Illinois Sheriffs Pledge To Ignore Sweeping New State Law Banning Most Semi-Automatic Guns

Legal experts said portions of the state’s new law are ‘clearly unconstitutional.’

AP/Haven Daley, file
Confiscated ‘ghost guns’ at the headquarters of the San Francisco Police Department. AP/Haven Daley, file

The Democratic governor of Illinois, J.B. Pritzker, appears headed for a showdown with many of his state’s local law enforcement officers over a new gun control measure signed by the possible presidential aspirant.

At least 80 sheriffs across the state are vowing to ignore the new law, which bans many brands of semi-automatic rifles, puts limits on the capacity of ammunition magazines, and requires residents who own semi-automatic weapons to register them or face misdemeanor charges.  

The measure, passed by the Illinois state legislature and signed by Mr. Pritzker January 10, has gun rights advocates lining up to challenge it in court. The Illinois State Rifle Association has already issued a call for plaintiffs to challenge a law that it calls clearly unconstitutional.

Mr. Pritzker “signed into law a draconian bill that squashes the rights of 2.4 million plus law-abiding firearm owners in Illinois,” the organization stated. “The bootheel of government has been placed squarely on the neck of freedom-loving Illinois citizens.  The rights of people who have done nothing wrong have been trampled.”

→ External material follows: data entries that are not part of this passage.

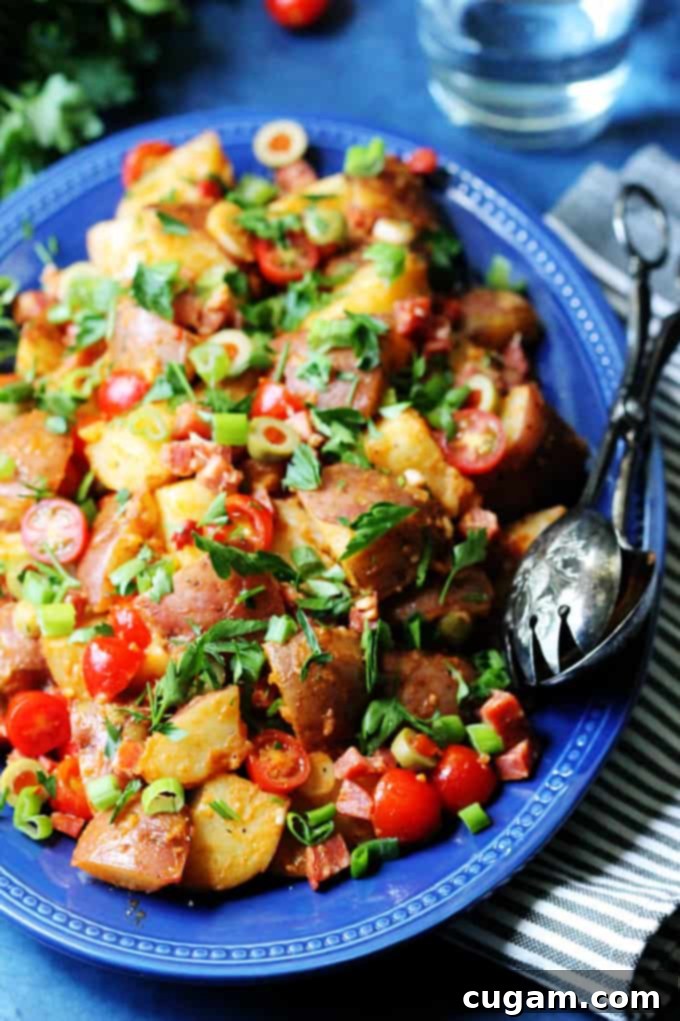 Smoky Spanish Potato Salad with Roasted Peppers and Chorizo on a serving plate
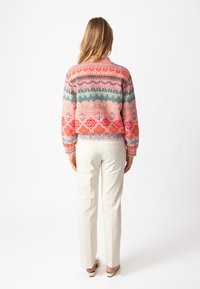 Färgglad mönstrad tröja med rosa, röd och blå geometriska mönster; ribbade ärmslut och nederkant; tillsammans med åtsittande vita byxor.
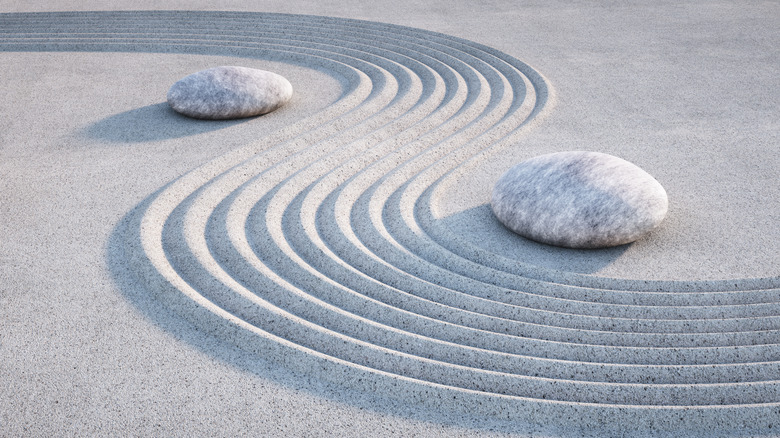  large stones in sand with wavy pattern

A sheriff in Monroe County, south of St. Louis, Neal Rohlfing, was among the 80 or so sheriffs from across the state who said they would not enforce the new law. In a letter posted to the department’s Facebook page, Mr. Rohlfing said he has sworn to uphold his constituents’ constitutional rights, including their Second Amendment rights.

“As the custodian of the jail and chief law enforcement official for Monroe County, neither myself nor my office will be checking to ensure that lawful gun owners register their weapons with the State, nor will be arresting or housing law abiding individuals that have been arrested solely with non-compliance of this Act,” the letter said.

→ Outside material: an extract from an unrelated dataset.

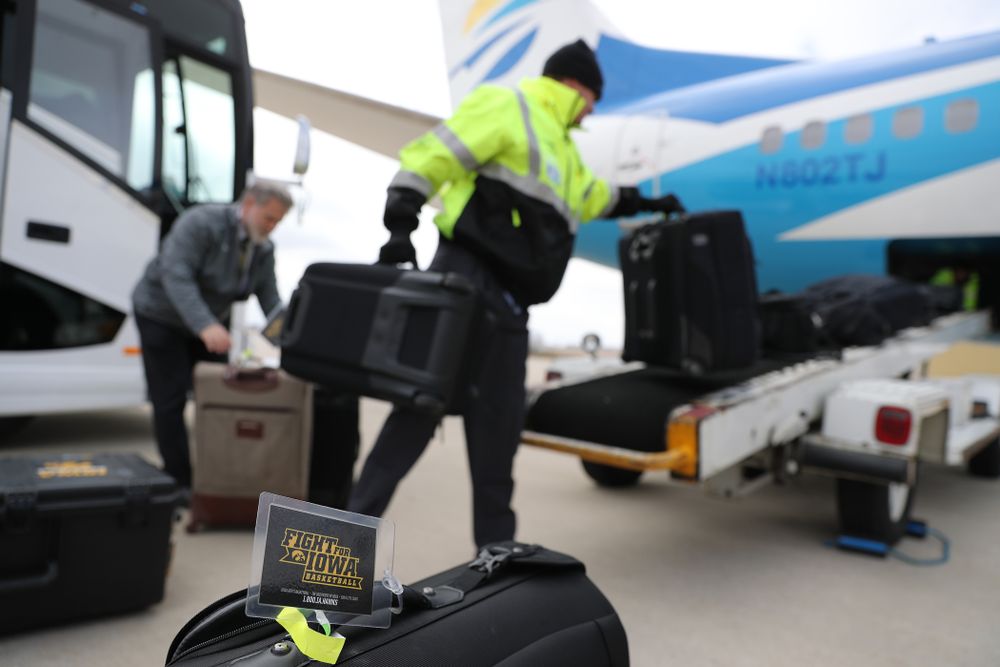 The Iowa Hawkeyes board a flight to Columbus for the first and second rounds of the 2019 NCAA Men's Basketball Tournament Wednesday, March 20, 2019 at the Eastern Iowa Airport. (Brian Ray/hawkeyesports.com)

In an appearance on MSNBC, Mr. Pritzker accused the sheriffs, who are elected officials in Illinois, of “political grandstanding” to score points with conservative voters. He said he was confident the new law will withstand the inevitable legal scrutiny and insisted that it will be enforced with or without their assistance.

“It’s our state police and law enforcement across the state that will, in fact, enforce this law, and these outlier sheriffs will comply or, frankly, they’ll have to answer to the voters,” Mr. Pritzker said.

The ban immediately outlawed the sale or purchase of “assault-style” semi-automatic and .50-caliber rifles. The legislation listed 60 such models and takes aim at all “AR-style” weapons that have detachable magazines and pistol grips. Such weapons have been used in a number of high-profile mass shootings, including one in Highland Park, Illinois last summer that prompted the legislation.

The law also bans magazines holding more than 10 rounds for long guns and 15 rounds for pistols. Illinois residents who already own the banned firearms or high-capacity magazines are required to register them with local law enforcement, and provide serial numbers, by January 1, 2024.

At least eight states, along with the District of Columbia, have similar bans on the books, among them California, Connecticut, Massachusetts, New York and New Jersey. Three other states — Virginia, Minnesota, and Washington — have passed strict regulations on the weapons but not banned them outright. A number of local jurisdictions around the country, including Cook County in the Chicago area, have similar rules covering the rifles.

Legal experts consulted by the Chicago Tribune agreed with the state rifle association’s assessment that portions of the law are “clearly unconstitutional,” especially in light of the Supreme Court’s ruling last summer in the New York Rifle and Pistol Association v. Bruen case that dramatically expanded Americans’ Second Amendment rights. A UCLA law professor and gun rights scholar, Adam Winkler, told the paper that the law “is going to be challenged, and there is a good chance it will be overturned.”